The extent of gloom to have enveloped the Street can be gleaned from the fact that around 35 out of the 50 Nifty shares are now below their 200 DMA and one out of five actively traded stocks from the BSE-500 index have touched one-year lows. Besides Reliance Industries, as many as 96 stocks featuring in BSE-500 index hit 52-week lows, including the likes of Reliance Capital, Reliance Industrial Infrastructure, JSW Steel, DLF, Steel Authority of India, HDIL, MTNL, Bharat Earth Movers and Financial Technologies.

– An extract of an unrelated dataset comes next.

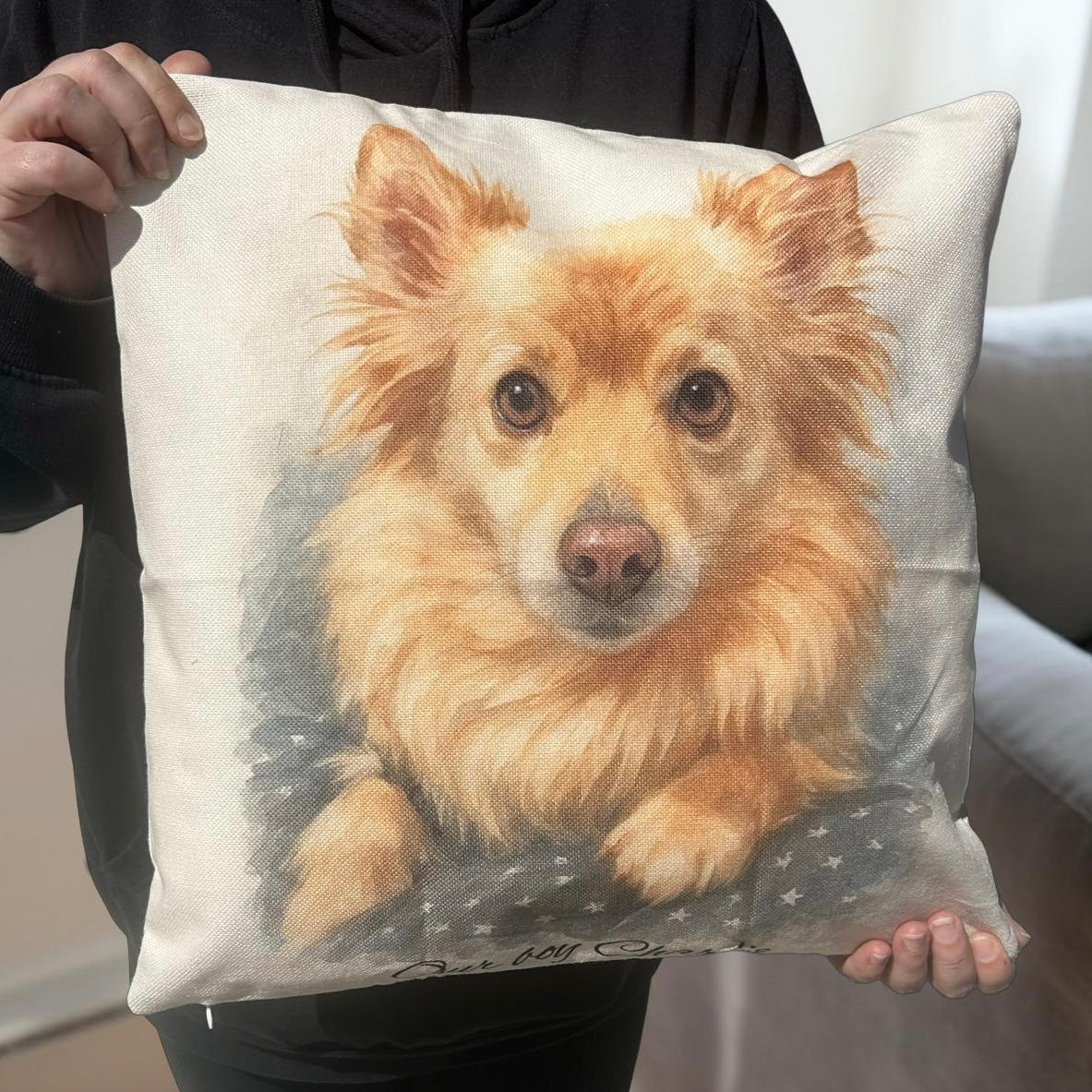 pet-memorial-pillow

Also read: Bearish FIIs may continue to sell

The BSE realty index was the largest loser among sectoral indices, plunging to 20-month lows of 2279, down 4.9% on Friday,

DLF down 11.6% was the major loser in the Sensex 20 stocks. It was followed by Mahindra & Mahindra, Hindustan Unilever, Reliance Communications down 8-10% each.

Reliance Industries plunged over 7% to Rs 915, despite 28.14% rise in net profit to Rs 5136 crore on 5.15% rise in net turnover to Rs 59789 crore in Q3 December 2010 over Q3 December 2009 in the wake of ongoing concerns surrounding a slowdown in gas production at the KG-D6 field.

Sterlite, Hero Honda, Cipla, Jindal Steel, Hindalco, Jaiprakash Associates, ICICI Bank, Bajaj Auto and Wipro were the other major losers.

On the other hand, ONGC surged nearly 3% to Rs 1,136 ahead of its results and news of Shale gas find in India. NTPC also moved up over 1%.

And Tata Steel was up 1% as its follow-on public offer (FPO) was well-received by the investor community. The issue, which closed on January 21, was subscribed by 6.03 times.

SBI also managed to end in greed on reporting better-than-estimated revenue growth for the third quarter ended December 31, 2010. The country's largest public sector bank posted a 14% jump in net profit of Rs 2,826 crore in Q3FY11 compared with Rs 2,479 crore in the corresponding period last year on the back of higher growth in core income.

In the realty space, HDIL crashed 12% to Rs 140. Unitech, D B Realty, Ackruti City, Sunteck Realty and Sobha Developer - down 6-11% each. Prasvnath Developers and Indiabulls Realestate were down over 5% each.

In the broader markets, IVRCL Infrastructure with a loss of over 15% at Rs 84 was the major laggard in the BSE 200 stocks. Lanco Infratech plunged 13% to Rs 47. JSW Steel, Bombay Dyeing, Power Finance, Bajaj Hindusthan, Indiabulls Fin, Oriental Bank of Commerce, Rural Elect, Apollo Tyres, Adani Enter, LIC Housing Finance, Pantaloon Retail, Tata Communication, Century Textile and Jai Corp were the other major losers. As many as 181 stocks ended lower out of the 200.

Also read: Investors lose Rs 11 lakh crore since Diwali

BPCL bucked the trend with a gain of nearly 7% at Rs 632. Ambuja Cements, Areva T&D, Aditya Birla Nuvo, Zee Entertainment, National Aluminum, Indian Oil Corp, Andhra Bank, Idea Cellular, Anant Raj Industries and KSK Energy Ventures were the other prominent gainers.